Former Vice President Mike Pence has long signaled a strategy to run to the right of the GOP primary field on abortion and has loudly endorsed a federal ban. Even as abortion continues to be a major electoral loser at the state level for Republicans, Pence is vowing to put his competitors’ feet to the fire on the issue at the first Republican debate later this month.

“My former running mate, the governor of Florida, and others are suggesting that the Supreme Court returned the question of abortion to the states,” Pence said on Friday at the Iowa State Fair. “I truly do believe it’s vitally important that we seize the opportunity at the national level to advance protections for the right to life, and I’ll do so as president,” he added, promising that the issue “will be on the stage in Milwaukee.”

In June, Pence called on his fellow GOP presidential candidates to support a 15-week federal abortion ban.

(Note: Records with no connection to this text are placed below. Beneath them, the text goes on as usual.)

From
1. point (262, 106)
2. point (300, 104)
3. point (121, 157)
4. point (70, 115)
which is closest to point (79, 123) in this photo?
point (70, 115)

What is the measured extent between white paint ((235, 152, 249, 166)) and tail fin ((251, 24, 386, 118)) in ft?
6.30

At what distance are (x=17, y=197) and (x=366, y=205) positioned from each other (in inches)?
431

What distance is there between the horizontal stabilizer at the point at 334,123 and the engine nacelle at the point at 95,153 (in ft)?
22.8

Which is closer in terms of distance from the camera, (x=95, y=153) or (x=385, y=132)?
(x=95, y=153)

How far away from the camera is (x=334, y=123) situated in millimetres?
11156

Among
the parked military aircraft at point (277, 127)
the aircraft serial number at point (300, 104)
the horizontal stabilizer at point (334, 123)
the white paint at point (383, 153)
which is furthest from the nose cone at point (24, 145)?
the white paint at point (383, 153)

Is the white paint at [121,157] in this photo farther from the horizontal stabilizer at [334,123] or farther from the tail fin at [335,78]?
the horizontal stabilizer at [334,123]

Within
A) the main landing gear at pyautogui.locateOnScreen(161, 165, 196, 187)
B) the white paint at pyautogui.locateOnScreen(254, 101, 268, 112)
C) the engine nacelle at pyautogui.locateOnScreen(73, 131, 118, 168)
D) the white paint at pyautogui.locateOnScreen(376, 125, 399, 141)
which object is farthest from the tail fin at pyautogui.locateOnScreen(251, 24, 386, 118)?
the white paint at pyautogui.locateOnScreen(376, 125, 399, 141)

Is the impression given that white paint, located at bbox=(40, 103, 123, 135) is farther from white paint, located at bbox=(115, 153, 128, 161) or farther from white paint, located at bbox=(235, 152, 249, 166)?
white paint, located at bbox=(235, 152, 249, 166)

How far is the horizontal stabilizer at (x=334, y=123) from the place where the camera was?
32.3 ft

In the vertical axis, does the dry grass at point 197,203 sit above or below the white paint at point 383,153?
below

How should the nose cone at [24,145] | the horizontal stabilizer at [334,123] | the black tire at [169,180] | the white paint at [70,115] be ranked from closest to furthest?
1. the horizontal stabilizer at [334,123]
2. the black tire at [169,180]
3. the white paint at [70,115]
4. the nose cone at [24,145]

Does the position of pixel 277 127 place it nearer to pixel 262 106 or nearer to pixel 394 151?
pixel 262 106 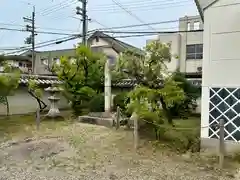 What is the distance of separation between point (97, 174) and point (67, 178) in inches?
23.5

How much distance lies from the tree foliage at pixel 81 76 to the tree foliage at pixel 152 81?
184 inches

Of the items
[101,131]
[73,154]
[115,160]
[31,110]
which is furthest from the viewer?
[31,110]

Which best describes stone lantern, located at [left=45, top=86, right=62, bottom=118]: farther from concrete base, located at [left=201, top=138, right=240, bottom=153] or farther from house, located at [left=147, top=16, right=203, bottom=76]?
house, located at [left=147, top=16, right=203, bottom=76]

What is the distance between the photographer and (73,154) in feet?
23.7

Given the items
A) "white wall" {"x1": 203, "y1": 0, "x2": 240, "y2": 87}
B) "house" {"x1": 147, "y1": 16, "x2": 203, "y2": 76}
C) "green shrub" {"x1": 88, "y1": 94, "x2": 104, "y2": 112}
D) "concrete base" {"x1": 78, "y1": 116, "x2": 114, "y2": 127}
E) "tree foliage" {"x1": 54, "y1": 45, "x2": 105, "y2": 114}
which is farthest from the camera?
"house" {"x1": 147, "y1": 16, "x2": 203, "y2": 76}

His political organization, Advancing American Freedom, has gone even further, endorsing a six-week federal ban and even a fetal personhood law, which would make practically all abortions illegal.

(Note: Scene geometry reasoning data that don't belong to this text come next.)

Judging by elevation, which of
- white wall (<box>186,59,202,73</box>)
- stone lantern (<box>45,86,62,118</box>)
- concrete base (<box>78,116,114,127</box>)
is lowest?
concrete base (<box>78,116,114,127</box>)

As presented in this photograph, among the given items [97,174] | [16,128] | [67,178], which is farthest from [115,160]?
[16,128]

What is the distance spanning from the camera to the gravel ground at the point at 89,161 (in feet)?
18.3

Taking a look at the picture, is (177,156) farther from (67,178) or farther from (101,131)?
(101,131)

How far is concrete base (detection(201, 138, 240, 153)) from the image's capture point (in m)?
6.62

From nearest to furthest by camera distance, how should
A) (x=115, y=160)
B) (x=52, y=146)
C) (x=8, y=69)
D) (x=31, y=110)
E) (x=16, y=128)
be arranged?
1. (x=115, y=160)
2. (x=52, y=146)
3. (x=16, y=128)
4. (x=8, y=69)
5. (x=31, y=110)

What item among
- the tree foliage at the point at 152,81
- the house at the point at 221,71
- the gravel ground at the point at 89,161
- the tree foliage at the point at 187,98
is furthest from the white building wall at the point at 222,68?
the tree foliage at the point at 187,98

Though former President Donald Trump appointed the three justices who helped overturn Roe v. Wade in 2022 and consistently describes himself as the “most pro-life president” in U.S. history, he came to believe a federal abortion ban was a political loser after the 2022 midterms, when Republicans turned in a lackluster performance.

In June, he attacked Florida Governor Ron DeSantis, who signed a six-week abortion ban in his home state in April. “Many people within the pro-life movement feel that that was too harsh” Trump said in an interview with The Messenger.

DeSantis shot back, saying the bill “was the right thing to do.” Yet the Florida governor has also been reluctant to embrace the anti-abortion movement’s most radical proposals on the national stage. In a late July interview with Megyn Kelly, the Florida Governor said he felt abortion was best left up to the states, earning him a harsh rebuke from the influential anti-abortion group Susan B. Anthony Pro Life America, which called his comments “unacceptable.”

This internal GOP squabbling signals the difficulty that Republican candidates will face in 2024, as the anti-abortion movement has been resoundingly defeated at the ballot box in the year since Dobbs. The latest blow came last week, when Ohio voters overwhelmingly rejected a referendum that would have made it harder to amend the state’s constitution. The vote was widely seen as an attempt by Republicans to make it more difficult to enshrine abortion rights in the state’s constitution, which will be on the ballot in November 2024.

Trump has long suggested that he’ll skip the first debate, citing his gargantuan lead over the primary field. But Vanity Fair’s Gabriel Sherman reported last week that Trump’s deepening legal troubles might propel him onto the stage in Milwaukee on August 23.